En 2003, des chercheurs avaient découvert que les chez personnes atteintes de Parkinson, la protéine "protéine α-synucléine" (ou "alpha-synucléine") était présente dans la partie du système nerveux contrôlant l'intestin.

Des anticorps monoclonaux ciblant l'α-synucléine ? 

Partant de ces résultats, des chercheurs de l’Université Johns Hopkins aux États-Unis ont décidé de réaliser des expériences sur des souris génétiquement modifiées qui ne produisaient plus cette protéine ayant reçu une injection d’une "une forme précurseur des agrégats d’α-synucléine" et d’autres aux nerf vague sectionné. En effet, la constipation étant l’un des premiers symptômes de Parkinson, ce nerf qui relie le tube digestif au cerveau serait l’un des premiers touchés par la maladie.

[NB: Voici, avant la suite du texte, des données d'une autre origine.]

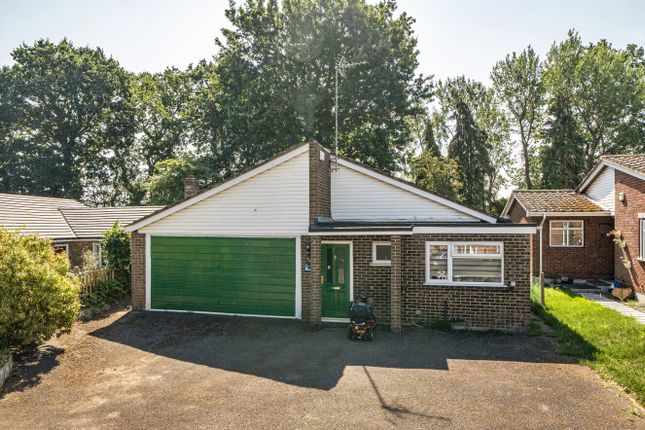 3-bed house on 10, Holmes Crescent, Berkshire, £575,000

Après avoir avoir observé des agrégats d'alpha-synucléine dans les noyaux moteurs dorsaux du nerf, les chercheurs les ont vus rejoindre la partie baso latérale de l'amygdale dans le cerveau. Cette progression des agrégats s’est accompagnée de l’apparition de symptômes compatibles avec un diagnostic de Parkinson.

En effet, sept mois plus tard, les scientifiques ont donné du matériel aux animaux pour construire un logis et leur ont attribué une note allant de zéro à six en fonction de la qualité du "chantier". Résultat : les souris ayant reçu une protéine α-synucléine ont reçu des notes entre zéro et un car elles n’utilisaient pas la totalité de leurs ressources. Ces animaux présentaient des déficits cognitifs ainsi que des pertes de capacités motrices et d'apprentissage, note l'étude. Ainsi, à terme, celle-ci pourrait "ouvrir la voie à des pistes thérapeutiques, comme des anticorps monoclonaux ciblant l'α-synucléine", se félicitent les chercheurs.

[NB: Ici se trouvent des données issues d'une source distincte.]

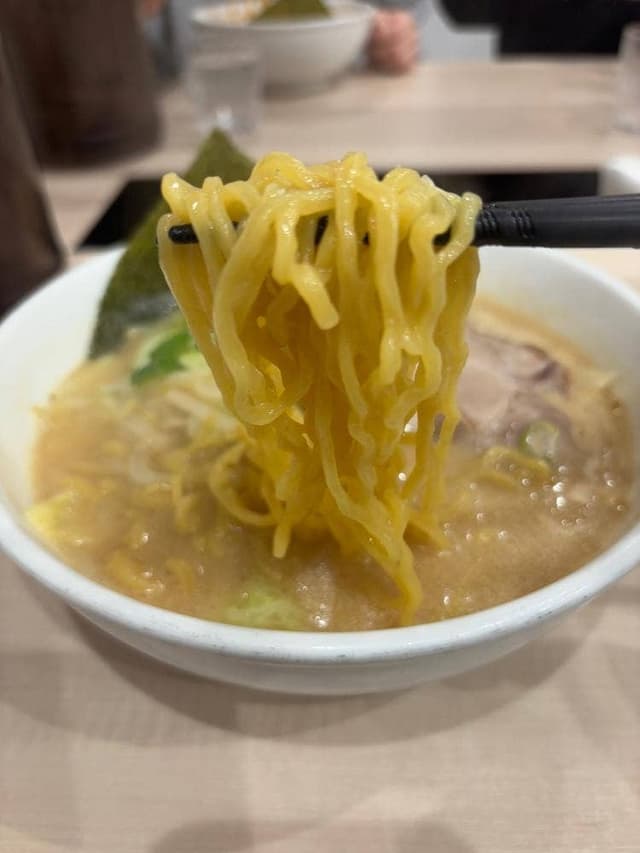 北海道ラーメン 赤レンガ 鶴見西口店 - サブ画像3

Les souris au nerf vague sectionné se débrouillaient mieux que les autres pour construire leur logis 

Concernant les souris aux nerf vague sectionné, ces dernières ont reçu des notes entre trois et quatre, ce qui veut dire qu’elles se débrouillaient bien mieux que les autres. Pour autant, "les patients ne doivent pas considérer la section du nerf vague comme une action préventive contre la maladie de Parkinson", prévient le Professeur Dawson qui a participé à l’étude.

Dans une étude parue en mars dans la revue Neurology, des chercheurs ont pourtant observé des taux inférieurs de Parkinson chez des patients qui avaient subi une "vagotomie". Proposée en cas d'ulcère gastroduodénal, il s'agit d'une section chirurgicale complète ou sélective du nerf pneumogastrique, ou nerf vague, au niveau de l'abdomen.